PROMPT: Look through the listing below and write out exactly the lines from the line with "Cross-industry business operations" to the line with "Килимок для ванни", both included, and no others.

※ ※ ※

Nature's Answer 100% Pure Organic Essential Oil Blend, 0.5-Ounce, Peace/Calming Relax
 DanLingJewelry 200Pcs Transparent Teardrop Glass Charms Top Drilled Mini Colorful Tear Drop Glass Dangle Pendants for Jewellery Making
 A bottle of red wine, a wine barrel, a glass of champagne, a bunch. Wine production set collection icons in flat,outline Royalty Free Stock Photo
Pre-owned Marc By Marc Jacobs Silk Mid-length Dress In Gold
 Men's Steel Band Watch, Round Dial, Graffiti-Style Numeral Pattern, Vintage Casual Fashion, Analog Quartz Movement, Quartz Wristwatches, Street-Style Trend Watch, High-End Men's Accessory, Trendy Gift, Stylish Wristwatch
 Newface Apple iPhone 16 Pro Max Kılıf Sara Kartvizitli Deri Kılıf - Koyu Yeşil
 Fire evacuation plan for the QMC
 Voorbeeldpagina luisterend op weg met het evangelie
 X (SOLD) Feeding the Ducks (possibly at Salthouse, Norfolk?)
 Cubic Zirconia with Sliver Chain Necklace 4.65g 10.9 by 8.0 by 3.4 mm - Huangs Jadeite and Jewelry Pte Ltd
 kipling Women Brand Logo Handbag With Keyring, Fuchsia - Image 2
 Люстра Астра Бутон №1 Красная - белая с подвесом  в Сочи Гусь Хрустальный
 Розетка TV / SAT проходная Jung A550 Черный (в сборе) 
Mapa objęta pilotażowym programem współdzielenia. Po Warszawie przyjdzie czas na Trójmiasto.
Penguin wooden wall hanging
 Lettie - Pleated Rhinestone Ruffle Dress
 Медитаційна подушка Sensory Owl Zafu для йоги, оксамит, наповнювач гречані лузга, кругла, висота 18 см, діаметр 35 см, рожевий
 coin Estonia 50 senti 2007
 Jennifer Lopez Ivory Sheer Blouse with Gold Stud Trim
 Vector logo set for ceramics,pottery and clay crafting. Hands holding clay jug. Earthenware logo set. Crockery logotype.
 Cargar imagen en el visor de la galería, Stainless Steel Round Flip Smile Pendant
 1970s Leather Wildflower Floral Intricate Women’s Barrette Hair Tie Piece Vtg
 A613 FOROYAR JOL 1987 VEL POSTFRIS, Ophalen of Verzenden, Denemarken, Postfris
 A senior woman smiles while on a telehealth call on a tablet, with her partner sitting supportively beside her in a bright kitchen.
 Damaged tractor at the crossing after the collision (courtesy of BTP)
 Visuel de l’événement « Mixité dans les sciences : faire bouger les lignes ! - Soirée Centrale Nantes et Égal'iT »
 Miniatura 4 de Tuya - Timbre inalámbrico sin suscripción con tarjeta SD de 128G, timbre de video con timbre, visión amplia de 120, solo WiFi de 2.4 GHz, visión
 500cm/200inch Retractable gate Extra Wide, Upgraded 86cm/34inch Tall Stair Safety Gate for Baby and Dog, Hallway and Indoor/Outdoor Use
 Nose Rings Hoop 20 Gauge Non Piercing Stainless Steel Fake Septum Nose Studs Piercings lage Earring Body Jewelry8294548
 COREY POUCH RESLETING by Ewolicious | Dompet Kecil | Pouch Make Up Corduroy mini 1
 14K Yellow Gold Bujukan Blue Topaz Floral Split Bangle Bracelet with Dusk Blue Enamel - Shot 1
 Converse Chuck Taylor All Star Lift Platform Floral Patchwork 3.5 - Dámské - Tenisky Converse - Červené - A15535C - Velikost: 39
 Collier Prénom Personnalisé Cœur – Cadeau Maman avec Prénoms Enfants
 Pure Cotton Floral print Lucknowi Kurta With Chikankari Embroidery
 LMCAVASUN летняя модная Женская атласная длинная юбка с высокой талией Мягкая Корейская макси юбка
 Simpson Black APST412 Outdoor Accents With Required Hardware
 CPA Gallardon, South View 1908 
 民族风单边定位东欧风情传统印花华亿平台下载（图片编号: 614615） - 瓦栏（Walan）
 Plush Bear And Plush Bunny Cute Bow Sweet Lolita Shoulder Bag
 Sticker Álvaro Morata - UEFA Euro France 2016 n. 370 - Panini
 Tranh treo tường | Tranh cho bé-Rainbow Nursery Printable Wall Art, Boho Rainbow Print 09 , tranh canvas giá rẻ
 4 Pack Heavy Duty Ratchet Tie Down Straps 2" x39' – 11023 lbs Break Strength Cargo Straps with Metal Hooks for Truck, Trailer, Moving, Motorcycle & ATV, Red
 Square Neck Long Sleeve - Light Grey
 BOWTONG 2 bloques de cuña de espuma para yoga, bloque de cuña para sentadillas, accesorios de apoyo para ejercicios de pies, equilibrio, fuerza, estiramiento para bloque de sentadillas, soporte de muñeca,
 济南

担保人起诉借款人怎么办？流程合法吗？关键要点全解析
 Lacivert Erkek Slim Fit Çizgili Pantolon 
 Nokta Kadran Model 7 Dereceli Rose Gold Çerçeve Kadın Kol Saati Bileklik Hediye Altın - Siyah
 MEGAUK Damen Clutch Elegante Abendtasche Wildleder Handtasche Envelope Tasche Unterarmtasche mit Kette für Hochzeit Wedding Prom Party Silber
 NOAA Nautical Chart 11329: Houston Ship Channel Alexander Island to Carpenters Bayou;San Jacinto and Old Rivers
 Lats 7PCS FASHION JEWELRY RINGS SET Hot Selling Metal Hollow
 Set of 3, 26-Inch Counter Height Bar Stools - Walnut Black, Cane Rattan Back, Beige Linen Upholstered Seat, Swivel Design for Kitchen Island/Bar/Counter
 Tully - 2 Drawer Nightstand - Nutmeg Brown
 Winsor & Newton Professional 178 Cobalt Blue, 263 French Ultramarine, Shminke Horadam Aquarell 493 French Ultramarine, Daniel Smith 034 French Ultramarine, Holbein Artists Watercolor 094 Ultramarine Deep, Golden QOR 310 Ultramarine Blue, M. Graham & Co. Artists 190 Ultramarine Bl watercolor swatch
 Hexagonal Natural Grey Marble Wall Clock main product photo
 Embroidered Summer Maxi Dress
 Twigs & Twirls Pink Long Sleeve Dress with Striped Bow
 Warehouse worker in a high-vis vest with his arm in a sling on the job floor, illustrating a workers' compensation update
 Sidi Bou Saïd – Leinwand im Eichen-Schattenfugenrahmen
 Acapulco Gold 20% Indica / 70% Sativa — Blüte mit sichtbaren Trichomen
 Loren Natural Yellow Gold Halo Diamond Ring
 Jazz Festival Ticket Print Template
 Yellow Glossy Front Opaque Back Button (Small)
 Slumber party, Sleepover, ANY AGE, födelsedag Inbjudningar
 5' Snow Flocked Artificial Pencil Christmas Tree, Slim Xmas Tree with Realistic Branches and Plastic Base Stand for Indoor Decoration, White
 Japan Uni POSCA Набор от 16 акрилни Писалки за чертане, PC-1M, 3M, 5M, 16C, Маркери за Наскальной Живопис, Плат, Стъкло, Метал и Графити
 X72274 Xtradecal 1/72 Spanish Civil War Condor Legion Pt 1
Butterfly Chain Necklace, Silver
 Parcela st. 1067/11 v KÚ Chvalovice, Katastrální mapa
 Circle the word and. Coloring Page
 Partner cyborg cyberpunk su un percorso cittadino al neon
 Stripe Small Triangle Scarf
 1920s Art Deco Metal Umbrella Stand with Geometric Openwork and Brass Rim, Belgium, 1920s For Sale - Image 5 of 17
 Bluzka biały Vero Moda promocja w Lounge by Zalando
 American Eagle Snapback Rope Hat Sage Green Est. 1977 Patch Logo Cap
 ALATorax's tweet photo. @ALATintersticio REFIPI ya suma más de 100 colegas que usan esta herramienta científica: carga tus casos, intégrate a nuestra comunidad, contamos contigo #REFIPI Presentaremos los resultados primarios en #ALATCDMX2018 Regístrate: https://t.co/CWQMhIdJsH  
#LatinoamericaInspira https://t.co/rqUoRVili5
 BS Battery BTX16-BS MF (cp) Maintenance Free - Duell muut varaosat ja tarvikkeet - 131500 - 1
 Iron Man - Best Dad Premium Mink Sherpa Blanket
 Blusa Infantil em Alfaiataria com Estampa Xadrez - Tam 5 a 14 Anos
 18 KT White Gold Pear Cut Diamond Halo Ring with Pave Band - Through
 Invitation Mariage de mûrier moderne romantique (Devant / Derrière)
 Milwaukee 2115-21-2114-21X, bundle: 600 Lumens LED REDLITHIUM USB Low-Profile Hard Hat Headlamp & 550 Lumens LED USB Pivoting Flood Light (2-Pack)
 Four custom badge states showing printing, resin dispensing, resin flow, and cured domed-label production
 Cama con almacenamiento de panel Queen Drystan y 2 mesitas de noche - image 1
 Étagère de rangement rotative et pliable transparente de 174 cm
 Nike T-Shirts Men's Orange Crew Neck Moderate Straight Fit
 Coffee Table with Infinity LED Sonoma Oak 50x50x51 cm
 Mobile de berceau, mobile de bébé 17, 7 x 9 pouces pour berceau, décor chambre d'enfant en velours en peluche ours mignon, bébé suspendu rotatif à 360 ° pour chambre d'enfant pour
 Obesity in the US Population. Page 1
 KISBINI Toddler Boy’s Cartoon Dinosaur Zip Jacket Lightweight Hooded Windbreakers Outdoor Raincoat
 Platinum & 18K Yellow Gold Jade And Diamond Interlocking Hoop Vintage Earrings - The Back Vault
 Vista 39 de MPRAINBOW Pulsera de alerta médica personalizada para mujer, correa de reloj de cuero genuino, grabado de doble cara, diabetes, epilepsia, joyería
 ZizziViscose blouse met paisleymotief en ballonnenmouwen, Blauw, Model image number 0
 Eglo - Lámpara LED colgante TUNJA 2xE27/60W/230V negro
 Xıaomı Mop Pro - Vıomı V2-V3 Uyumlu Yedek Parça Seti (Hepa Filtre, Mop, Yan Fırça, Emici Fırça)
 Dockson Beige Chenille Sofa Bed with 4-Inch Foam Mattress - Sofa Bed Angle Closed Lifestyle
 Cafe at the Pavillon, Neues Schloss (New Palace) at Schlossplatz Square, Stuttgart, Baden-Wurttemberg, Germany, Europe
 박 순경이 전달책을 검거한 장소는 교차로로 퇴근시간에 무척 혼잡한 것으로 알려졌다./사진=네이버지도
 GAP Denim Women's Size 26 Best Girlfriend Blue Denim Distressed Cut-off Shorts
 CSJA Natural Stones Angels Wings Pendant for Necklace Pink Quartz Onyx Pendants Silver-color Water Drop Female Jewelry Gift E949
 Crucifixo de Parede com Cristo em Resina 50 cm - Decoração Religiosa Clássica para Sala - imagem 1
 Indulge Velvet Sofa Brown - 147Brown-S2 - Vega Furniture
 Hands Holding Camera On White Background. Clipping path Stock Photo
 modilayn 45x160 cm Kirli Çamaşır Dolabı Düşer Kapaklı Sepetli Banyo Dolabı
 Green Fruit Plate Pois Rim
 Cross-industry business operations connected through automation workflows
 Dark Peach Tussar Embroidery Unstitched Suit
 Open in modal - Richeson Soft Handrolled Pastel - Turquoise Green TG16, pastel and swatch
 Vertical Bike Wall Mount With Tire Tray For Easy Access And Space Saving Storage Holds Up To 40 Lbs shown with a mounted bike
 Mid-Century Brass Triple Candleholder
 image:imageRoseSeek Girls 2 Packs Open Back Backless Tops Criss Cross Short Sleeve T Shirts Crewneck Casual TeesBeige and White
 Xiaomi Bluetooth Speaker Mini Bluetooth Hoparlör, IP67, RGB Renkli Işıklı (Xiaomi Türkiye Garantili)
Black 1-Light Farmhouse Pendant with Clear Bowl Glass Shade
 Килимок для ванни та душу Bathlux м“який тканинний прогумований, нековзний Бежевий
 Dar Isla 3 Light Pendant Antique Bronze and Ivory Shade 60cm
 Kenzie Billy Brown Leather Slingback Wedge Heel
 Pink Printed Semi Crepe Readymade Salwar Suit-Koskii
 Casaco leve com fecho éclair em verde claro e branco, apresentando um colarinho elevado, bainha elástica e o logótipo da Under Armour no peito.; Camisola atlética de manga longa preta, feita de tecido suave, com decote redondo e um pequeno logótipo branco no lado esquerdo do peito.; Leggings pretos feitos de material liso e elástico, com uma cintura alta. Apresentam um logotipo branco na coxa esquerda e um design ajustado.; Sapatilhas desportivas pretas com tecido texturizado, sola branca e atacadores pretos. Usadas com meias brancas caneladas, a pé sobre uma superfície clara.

※ ※ ※

WRITTEN RESPONSE:
 Cross-industry business operations connected through automation workflows
 Dark Peach Tussar Embroidery Unstitched Suit
 Open in modal - Richeson Soft Handrolled Pastel - Turquoise Green TG16, pastel and swatch
 Vertical Bike Wall Mount With Tire Tray For Easy Access And Space Saving Storage Holds Up To 40 Lbs shown with a mounted bike
 Mid-Century Brass Triple Candleholder
 image:imageRoseSeek Girls 2 Packs Open Back Backless Tops Criss Cross Short Sleeve T Shirts Crewneck Casual TeesBeige and White
 Xiaomi Bluetooth Speaker Mini Bluetooth Hoparlör, IP67, RGB Renkli Işıklı (Xiaomi Türkiye Garantili)
Black 1-Light Farmhouse Pendant with Clear Bowl Glass Shade
 Килимок для ванни та душу Bathlux м“який тканинний прогумований, нековзний Бежевий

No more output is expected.